**HOW TO COMPLETE THIS TASK**
Print the line containing "Hyundai Ioniq 6" and all lines after it to the end of the records below, exactly as written. No pictures.

**Collection entries**
=======

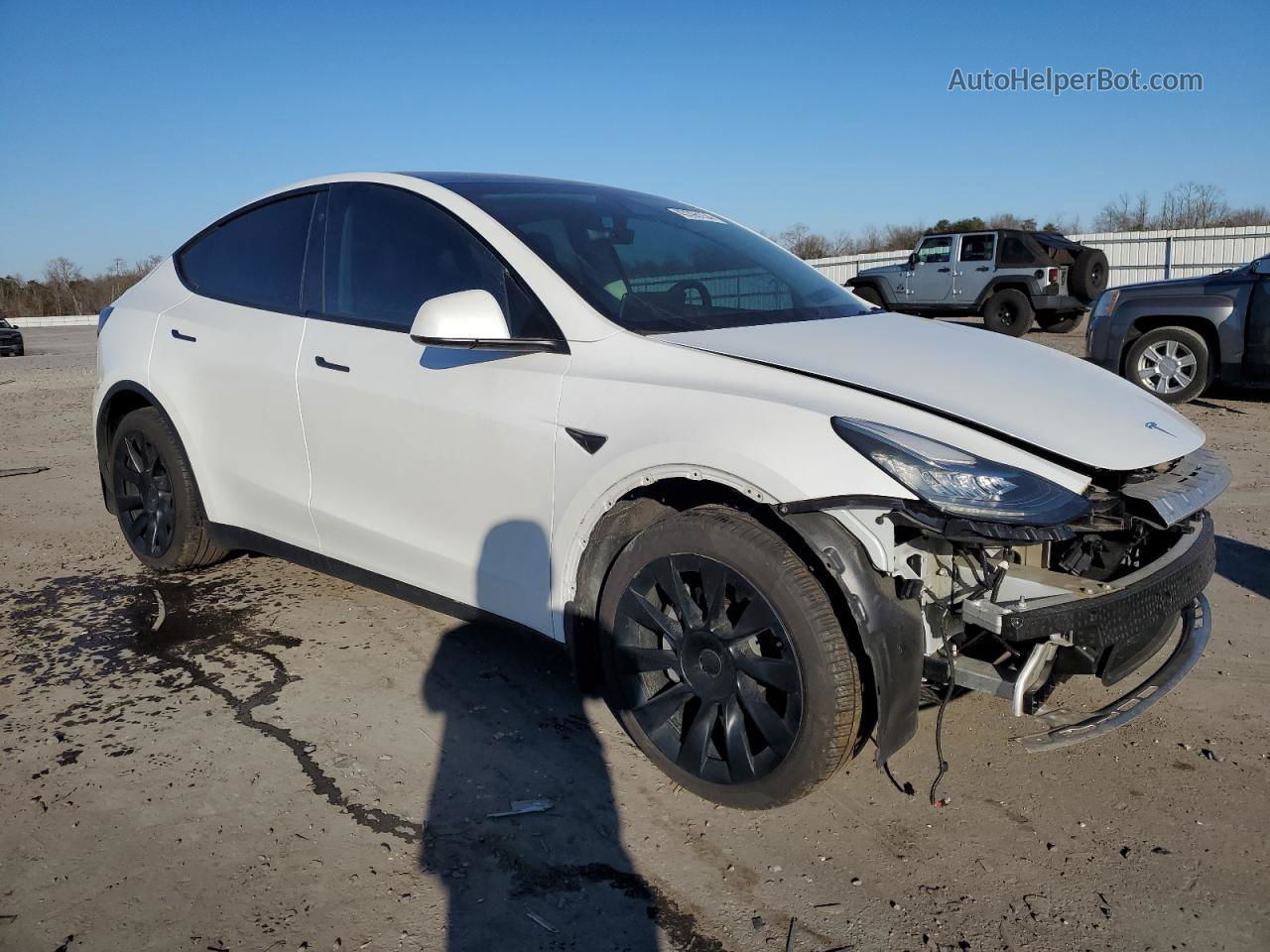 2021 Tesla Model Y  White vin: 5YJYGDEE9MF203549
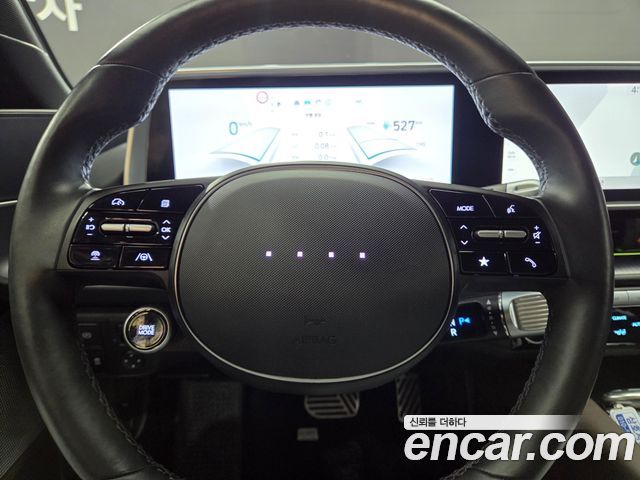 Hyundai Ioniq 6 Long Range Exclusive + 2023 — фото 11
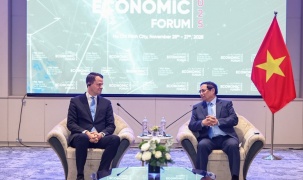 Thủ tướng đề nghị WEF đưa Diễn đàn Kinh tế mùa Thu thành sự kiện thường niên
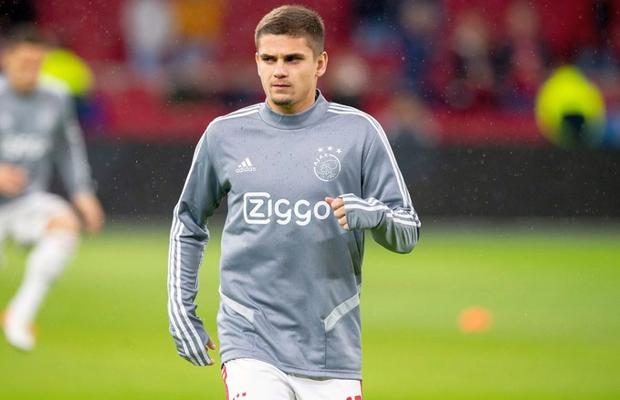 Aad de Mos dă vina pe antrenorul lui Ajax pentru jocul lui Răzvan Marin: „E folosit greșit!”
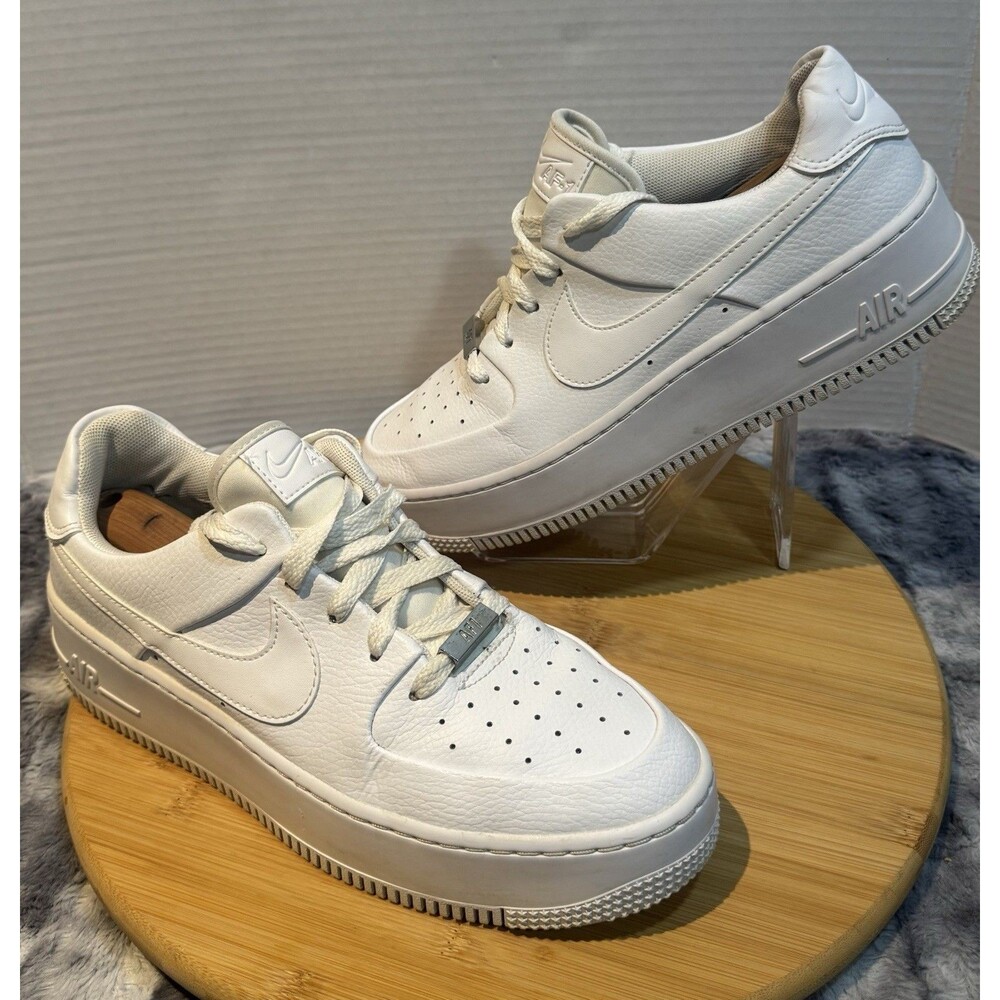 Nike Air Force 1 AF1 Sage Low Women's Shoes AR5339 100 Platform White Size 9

=======

**EXERCISE SOLUTION**
 Hyundai Ioniq 6 Long Range Exclusive + 2023 — фото 11
 Thủ tướng đề nghị WEF đưa Diễn đàn Kinh tế mùa Thu thành sự kiện thường niên
 Aad de Mos dă vina pe antrenorul lui Ajax pentru jocul lui Răzvan Marin: „E folosit greșit!”
 Nike Air Force 1 AF1 Sage Low Women's Shoes AR5339 100 Platform White Size 9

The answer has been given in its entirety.